:: THE DATA
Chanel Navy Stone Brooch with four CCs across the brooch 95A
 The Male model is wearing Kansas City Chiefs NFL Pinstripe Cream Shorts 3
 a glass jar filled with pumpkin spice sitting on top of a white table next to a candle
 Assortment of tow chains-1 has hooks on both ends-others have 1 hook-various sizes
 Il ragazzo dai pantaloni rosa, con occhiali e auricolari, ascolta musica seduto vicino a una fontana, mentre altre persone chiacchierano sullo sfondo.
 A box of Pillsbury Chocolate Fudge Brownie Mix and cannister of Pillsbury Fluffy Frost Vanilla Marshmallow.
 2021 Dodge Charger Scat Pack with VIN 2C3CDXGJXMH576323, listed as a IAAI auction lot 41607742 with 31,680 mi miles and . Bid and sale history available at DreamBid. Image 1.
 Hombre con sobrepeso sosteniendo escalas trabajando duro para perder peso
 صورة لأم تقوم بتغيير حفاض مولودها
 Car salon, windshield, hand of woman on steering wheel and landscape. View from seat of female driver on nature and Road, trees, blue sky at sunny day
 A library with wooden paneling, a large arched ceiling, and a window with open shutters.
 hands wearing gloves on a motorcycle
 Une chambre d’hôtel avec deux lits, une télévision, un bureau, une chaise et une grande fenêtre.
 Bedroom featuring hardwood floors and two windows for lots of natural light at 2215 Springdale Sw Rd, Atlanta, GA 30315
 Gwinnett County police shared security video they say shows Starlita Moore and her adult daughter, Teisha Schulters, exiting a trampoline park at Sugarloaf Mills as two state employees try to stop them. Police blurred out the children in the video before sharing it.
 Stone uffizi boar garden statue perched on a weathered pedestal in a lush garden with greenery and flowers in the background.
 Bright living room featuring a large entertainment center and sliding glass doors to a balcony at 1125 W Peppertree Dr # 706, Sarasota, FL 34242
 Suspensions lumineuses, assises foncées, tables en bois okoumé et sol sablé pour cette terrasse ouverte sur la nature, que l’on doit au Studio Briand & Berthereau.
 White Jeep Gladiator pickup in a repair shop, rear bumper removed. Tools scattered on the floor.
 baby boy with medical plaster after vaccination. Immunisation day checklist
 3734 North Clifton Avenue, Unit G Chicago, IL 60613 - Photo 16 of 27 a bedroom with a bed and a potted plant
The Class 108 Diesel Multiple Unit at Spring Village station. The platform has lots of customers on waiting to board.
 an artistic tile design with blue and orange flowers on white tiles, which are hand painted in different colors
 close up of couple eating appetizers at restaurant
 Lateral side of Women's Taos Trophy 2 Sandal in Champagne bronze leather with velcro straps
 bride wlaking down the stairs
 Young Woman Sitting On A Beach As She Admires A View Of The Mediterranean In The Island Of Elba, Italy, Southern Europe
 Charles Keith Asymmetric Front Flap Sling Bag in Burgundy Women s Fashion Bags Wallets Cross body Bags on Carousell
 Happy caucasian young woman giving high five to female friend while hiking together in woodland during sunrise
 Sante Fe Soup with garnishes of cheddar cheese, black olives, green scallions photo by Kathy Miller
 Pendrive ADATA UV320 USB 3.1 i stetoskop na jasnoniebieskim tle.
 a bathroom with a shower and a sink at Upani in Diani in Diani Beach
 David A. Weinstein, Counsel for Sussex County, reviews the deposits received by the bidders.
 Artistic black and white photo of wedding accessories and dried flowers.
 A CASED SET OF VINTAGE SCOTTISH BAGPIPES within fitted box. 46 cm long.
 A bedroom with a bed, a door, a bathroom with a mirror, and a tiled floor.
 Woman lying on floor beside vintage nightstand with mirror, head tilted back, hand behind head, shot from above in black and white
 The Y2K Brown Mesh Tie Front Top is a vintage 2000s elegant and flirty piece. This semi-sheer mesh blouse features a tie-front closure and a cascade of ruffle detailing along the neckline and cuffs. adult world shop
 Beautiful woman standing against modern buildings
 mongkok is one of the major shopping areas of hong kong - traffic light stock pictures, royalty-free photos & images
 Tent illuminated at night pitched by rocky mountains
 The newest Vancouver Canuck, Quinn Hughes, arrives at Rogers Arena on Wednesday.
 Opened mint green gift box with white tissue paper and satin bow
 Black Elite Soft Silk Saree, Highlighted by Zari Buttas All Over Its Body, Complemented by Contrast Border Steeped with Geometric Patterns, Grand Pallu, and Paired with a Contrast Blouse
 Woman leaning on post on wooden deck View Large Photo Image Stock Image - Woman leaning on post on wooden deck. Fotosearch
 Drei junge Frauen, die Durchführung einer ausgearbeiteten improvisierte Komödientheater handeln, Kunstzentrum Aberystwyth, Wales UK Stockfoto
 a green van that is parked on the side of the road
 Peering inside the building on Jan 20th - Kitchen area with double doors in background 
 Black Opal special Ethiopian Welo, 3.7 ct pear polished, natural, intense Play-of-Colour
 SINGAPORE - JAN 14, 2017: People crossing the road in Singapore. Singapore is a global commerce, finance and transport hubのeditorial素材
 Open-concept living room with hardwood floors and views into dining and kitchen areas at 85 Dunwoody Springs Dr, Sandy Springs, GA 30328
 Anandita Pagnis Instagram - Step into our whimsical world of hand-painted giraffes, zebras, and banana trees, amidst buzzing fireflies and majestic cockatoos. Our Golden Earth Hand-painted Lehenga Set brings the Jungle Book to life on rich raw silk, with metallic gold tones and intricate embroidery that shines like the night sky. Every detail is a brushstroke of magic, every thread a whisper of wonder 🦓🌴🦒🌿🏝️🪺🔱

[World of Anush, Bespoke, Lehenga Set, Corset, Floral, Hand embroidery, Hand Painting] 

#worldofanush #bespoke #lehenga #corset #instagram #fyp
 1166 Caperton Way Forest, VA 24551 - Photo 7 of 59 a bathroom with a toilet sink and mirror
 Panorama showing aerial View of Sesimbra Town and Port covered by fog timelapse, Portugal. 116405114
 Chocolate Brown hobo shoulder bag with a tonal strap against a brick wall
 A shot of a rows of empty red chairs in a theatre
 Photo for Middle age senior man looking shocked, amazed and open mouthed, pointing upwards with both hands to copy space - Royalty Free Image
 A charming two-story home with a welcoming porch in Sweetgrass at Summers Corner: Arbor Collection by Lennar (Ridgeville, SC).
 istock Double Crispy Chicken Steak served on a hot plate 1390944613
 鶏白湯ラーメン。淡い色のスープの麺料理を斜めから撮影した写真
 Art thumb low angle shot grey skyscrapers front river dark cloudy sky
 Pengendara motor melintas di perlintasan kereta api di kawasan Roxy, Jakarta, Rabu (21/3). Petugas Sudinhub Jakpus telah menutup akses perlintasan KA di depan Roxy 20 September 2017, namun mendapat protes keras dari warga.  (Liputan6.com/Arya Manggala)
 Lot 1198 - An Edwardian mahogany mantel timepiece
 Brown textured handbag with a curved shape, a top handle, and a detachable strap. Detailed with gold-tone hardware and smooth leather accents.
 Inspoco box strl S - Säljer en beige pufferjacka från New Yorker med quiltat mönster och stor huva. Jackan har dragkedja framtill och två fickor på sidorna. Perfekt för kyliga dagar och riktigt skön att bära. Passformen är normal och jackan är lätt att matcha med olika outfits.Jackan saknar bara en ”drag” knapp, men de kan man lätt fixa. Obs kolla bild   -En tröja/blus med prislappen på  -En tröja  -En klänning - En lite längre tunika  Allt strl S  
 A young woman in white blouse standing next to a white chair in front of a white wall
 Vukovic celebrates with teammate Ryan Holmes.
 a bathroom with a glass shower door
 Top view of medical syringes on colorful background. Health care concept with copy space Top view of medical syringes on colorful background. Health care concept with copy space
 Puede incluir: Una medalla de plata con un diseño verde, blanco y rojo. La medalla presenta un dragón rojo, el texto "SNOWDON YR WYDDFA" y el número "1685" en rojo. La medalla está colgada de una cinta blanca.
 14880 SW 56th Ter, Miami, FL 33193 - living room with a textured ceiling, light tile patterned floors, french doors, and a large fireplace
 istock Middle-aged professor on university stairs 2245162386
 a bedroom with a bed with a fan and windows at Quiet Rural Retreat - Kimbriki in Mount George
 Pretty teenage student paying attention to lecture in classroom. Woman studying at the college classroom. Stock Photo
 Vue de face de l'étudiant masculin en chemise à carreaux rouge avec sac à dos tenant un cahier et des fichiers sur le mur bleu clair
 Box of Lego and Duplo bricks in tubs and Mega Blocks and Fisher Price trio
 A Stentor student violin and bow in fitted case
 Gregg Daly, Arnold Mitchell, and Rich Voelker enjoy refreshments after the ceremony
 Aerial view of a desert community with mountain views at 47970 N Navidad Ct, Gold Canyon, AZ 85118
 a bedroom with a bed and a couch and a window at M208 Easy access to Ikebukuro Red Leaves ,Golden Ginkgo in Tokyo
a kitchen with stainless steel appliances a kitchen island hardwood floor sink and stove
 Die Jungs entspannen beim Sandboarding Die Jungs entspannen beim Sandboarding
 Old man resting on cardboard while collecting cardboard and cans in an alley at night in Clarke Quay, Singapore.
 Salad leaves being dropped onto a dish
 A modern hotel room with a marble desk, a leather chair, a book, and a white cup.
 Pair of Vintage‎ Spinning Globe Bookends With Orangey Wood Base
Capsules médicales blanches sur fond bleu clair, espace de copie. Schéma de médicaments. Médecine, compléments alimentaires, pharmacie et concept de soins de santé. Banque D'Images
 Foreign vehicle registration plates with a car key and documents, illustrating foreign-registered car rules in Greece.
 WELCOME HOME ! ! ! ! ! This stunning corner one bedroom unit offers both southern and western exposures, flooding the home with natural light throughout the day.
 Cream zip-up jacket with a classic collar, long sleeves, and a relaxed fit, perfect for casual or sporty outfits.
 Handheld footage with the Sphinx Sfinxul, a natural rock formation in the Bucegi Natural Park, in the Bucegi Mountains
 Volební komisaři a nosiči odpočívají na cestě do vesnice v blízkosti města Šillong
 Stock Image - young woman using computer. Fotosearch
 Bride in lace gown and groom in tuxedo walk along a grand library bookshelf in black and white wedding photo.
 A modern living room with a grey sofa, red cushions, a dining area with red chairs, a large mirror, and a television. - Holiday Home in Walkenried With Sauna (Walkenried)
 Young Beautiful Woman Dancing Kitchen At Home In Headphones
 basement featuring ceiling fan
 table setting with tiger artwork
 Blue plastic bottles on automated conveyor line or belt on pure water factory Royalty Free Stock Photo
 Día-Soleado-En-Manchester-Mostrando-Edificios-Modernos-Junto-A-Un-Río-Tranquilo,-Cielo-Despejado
::::
ACTIVITY: The lines to return are those with the string "bleu" in them; copy each from the entries above.

RESULT OF THIS TASK:
 Vue de face de l'étudiant masculin en chemise à carreaux rouge avec sac à dos tenant un cahier et des fichiers sur le mur bleu clair
Capsules médicales blanches sur fond bleu clair, espace de copie. Schéma de médicaments. Médecine, compléments alimentaires, pharmacie et concept de soins de santé. Banque D'Images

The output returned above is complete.